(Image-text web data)
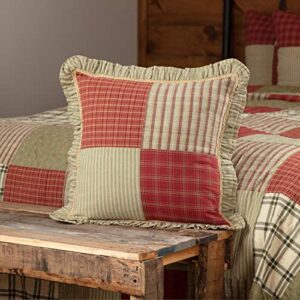 vhc brands 34626 classic country farmhouse pillows & throws-prairie winds red patchwork 18" x 18"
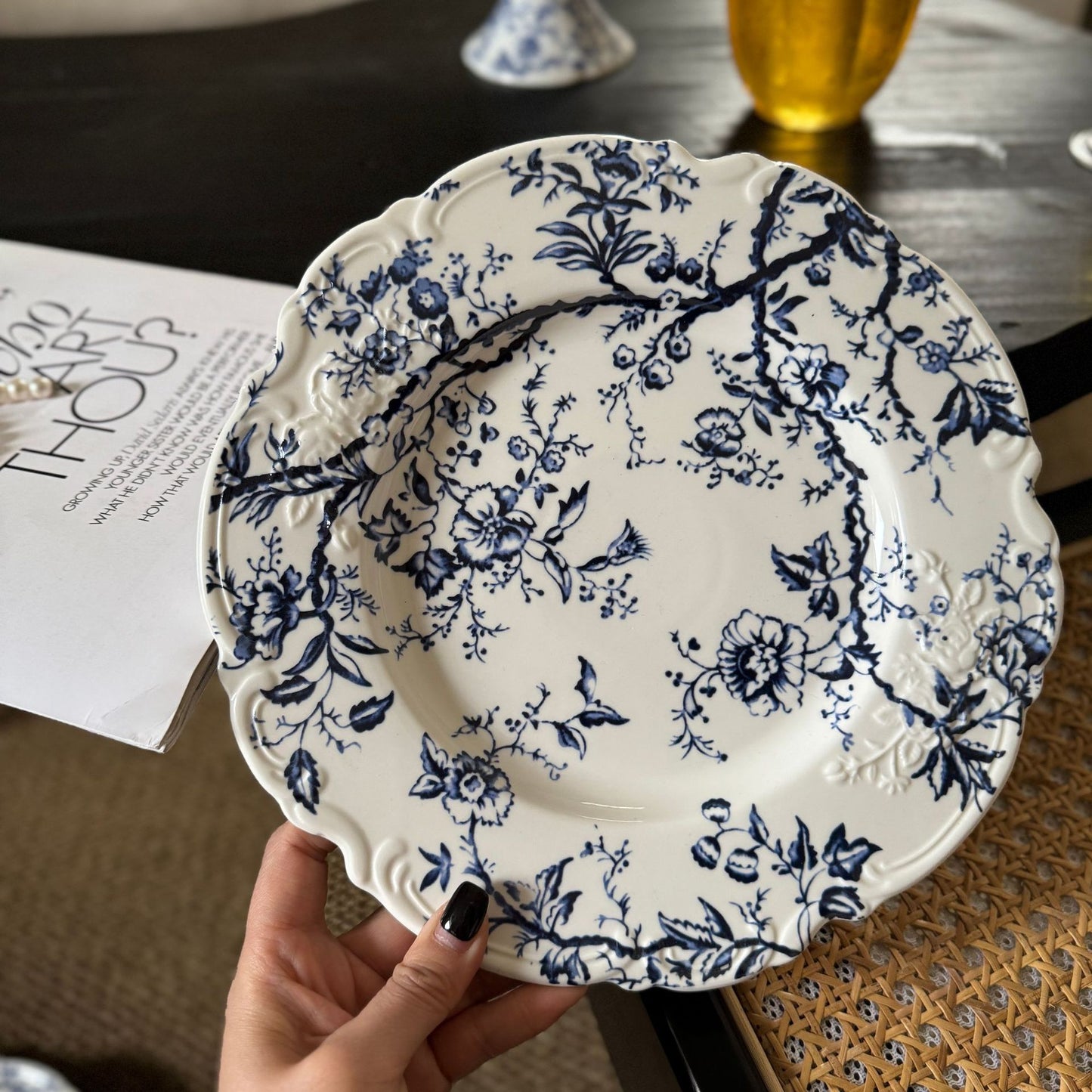Vintage French embossed lace blue-and-white ceramic dinner plates, bowls and cups, tall plates, cups, and plates vintage series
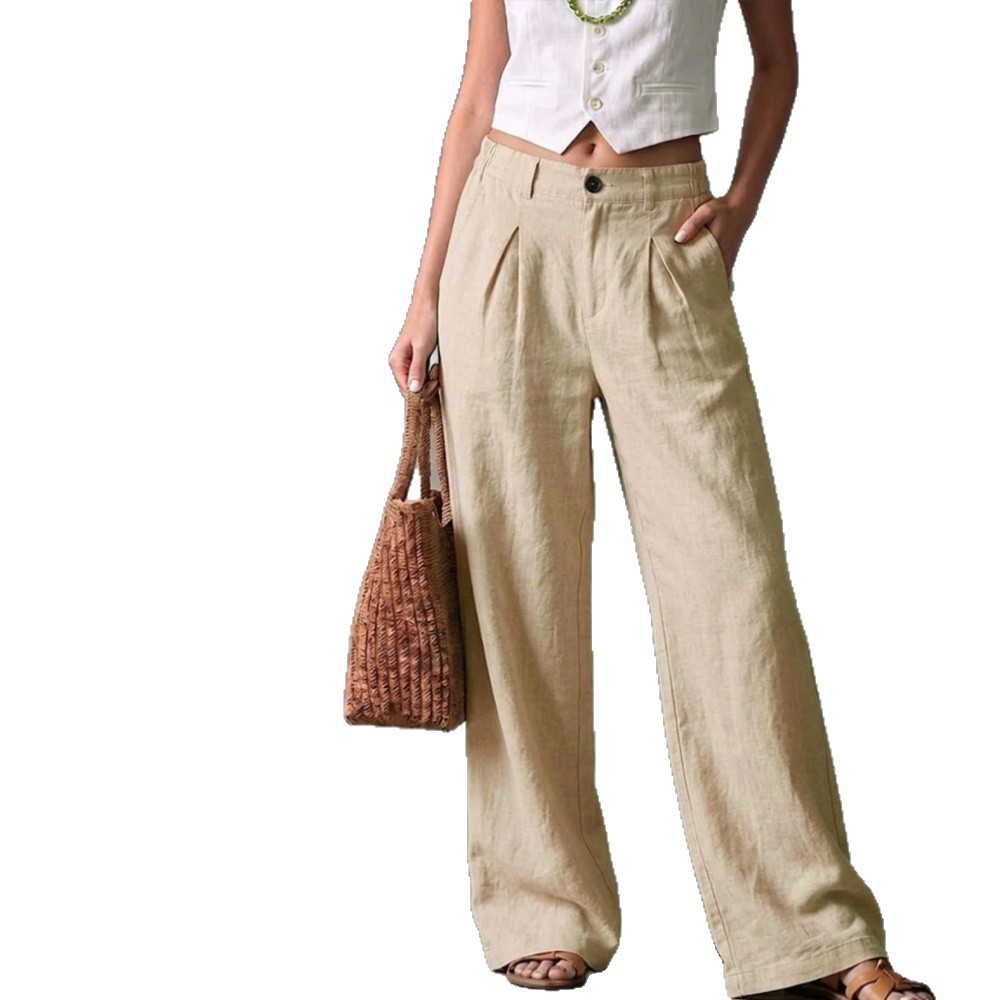 Women's Linen-Blend Wide-Leg Pants High-Waist Solid Casual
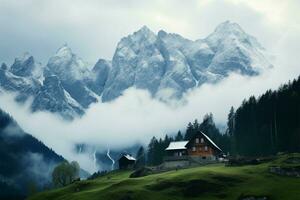 dimma klädd dachstein, en bakgrund till idyllisk alpina by hus ai genererad foto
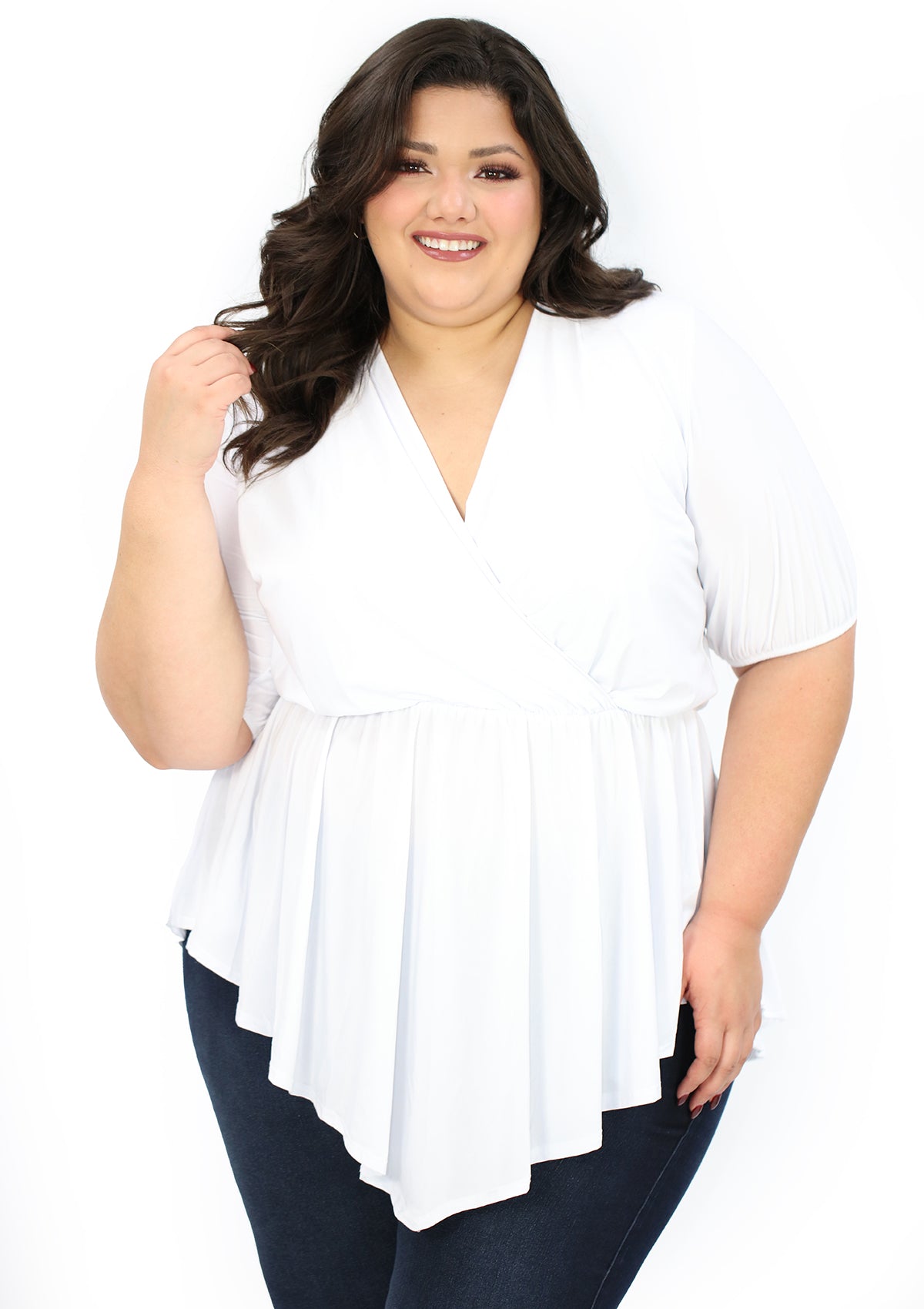 BL-T-5106-N White Blusa Plus de Mujer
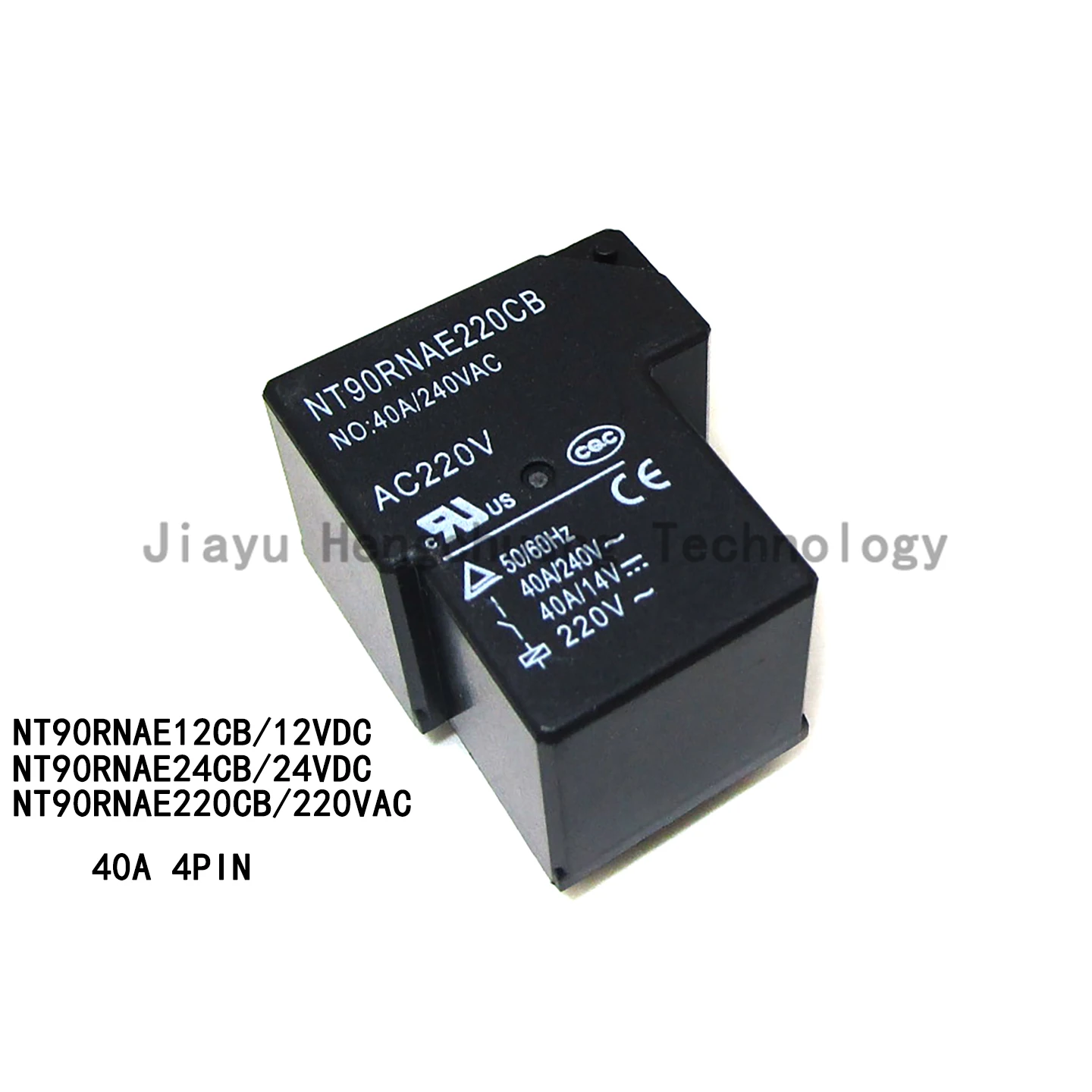 NT90RNAE Power Relay 40A 220VAC 4-Pin T90 DC12V - High Current AC/DC Relay for Electronics And Home Automation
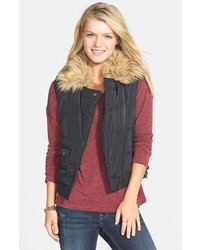 Thread Supply Quilted Moto Vest With Faux Fur Collar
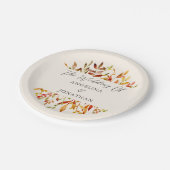 エレガントな水彩画の秋の葉 オーダーメイド ウェディング ペーパープレート (アングル)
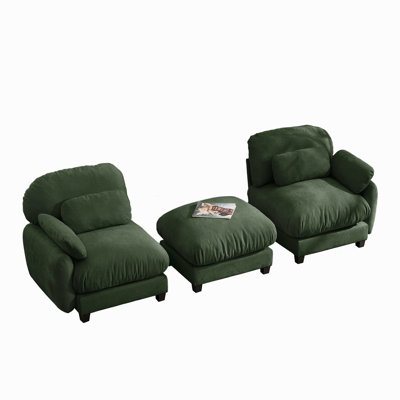 Canapé 2 places en forme de L avec repose-pieds amovible en forme de L, ensemble de canapé modulaire en chenille confortable, mobilier combiné sans siège profond pour petit salon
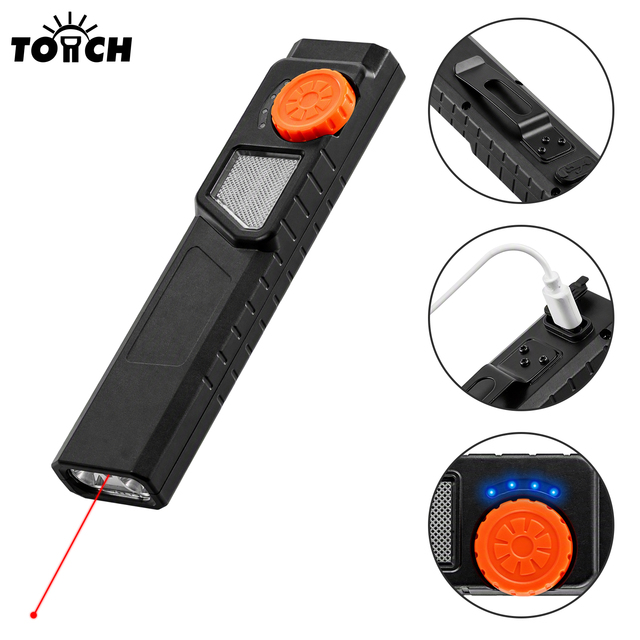 Rechargeable LED Work Light Laser Pointer USB C Flashlight Multi Function Inspection Pocket Torch Outdoor Emergency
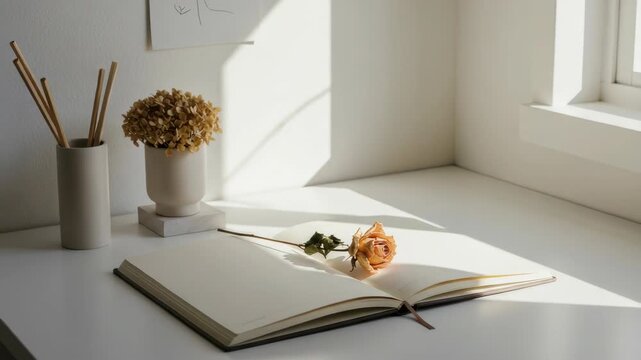 Open book with rose and decorative elements on a white surface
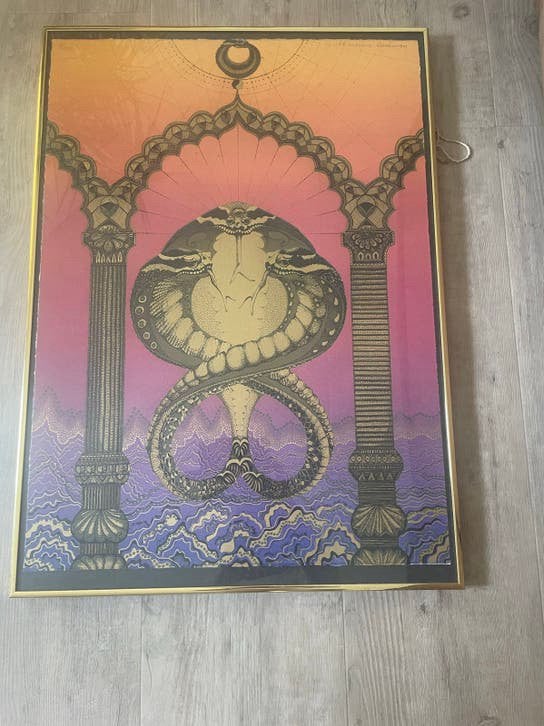 Zeefdruk Alexandrina Booleman - Cobra Ouroboros, Ophalen of Verzenden, Flora en Fauna, Zeefdruk, 1950 - 1999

## PROBLEM REQUIREMENTS
Please output exactly the lines from the line containing "Rechargeable LED Work" through the last line of the records above, both included, and leave out any pictures.

## SOLVED EXERCISE
 Rechargeable LED Work Light Laser Pointer USB C Flashlight Multi Function Inspection Pocket Torch Outdoor Emergency
 Open book with rose and decorative elements on a white surface
 Zeefdruk Alexandrina Booleman - Cobra Ouroboros, Ophalen of Verzenden, Flora en Fauna, Zeefdruk, 1950 - 1999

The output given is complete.